━━━━━ Supplied material ━━━━━
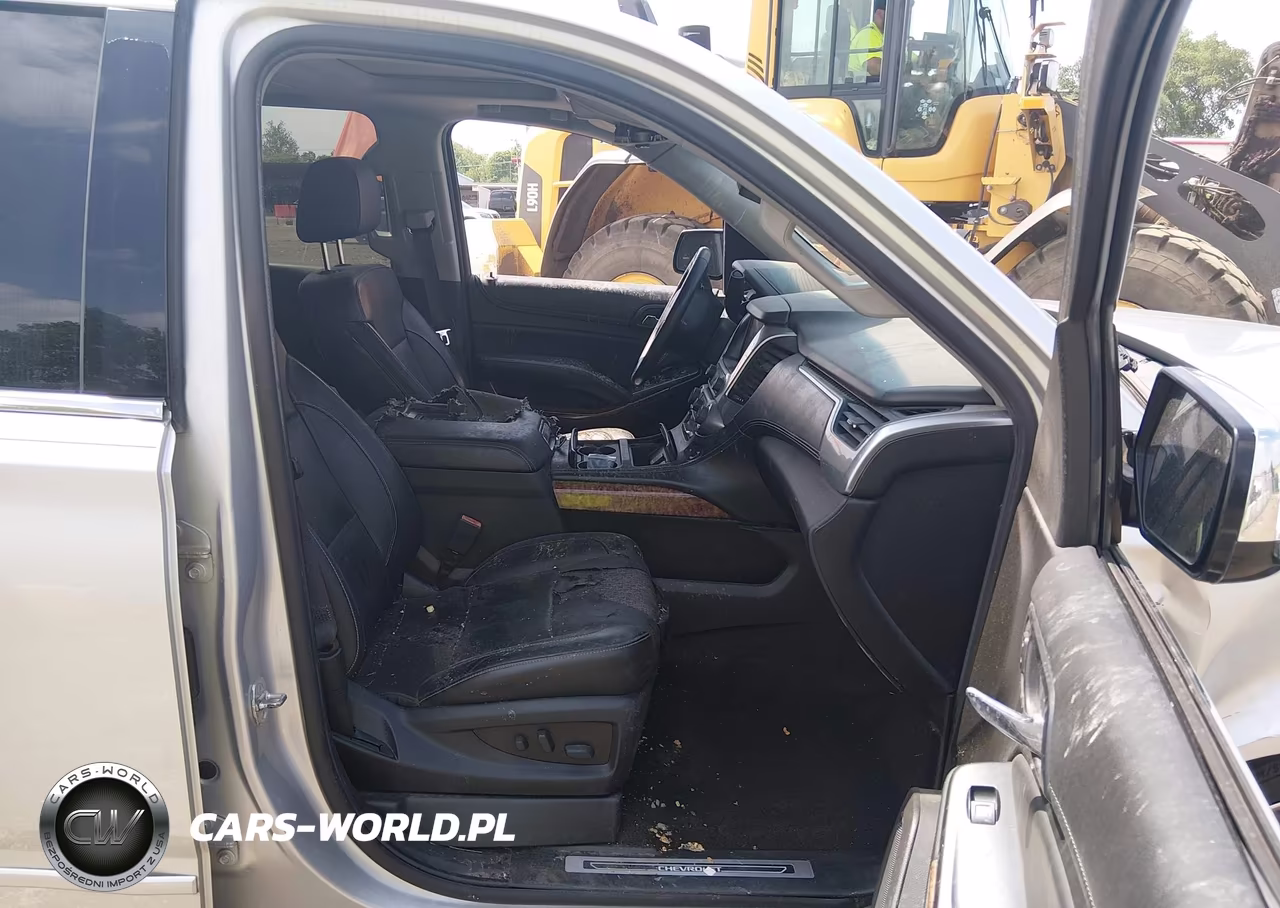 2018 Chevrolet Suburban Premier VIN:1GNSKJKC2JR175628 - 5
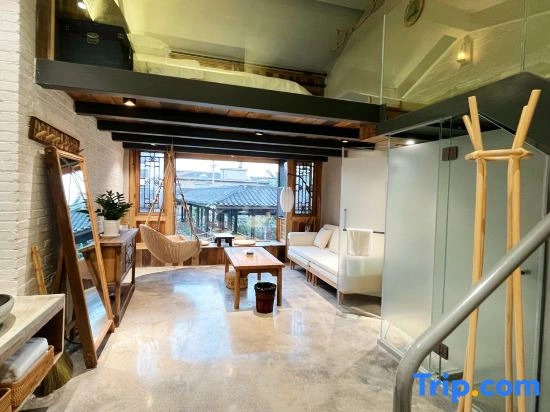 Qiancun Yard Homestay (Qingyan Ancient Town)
━━━━━
━━━━━ Supplied material ━━━━━
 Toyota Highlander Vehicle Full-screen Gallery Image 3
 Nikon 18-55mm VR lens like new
━━━━━
To do: From the listing above, output exactly the run of lines that starts with the line containing "Toyota Highlander Vehicle" and ends with the line containing "Nikon 18-55mm VR lens like new".

Output of the task:
 Toyota Highlander Vehicle Full-screen Gallery Image 3
 Nikon 18-55mm VR lens like new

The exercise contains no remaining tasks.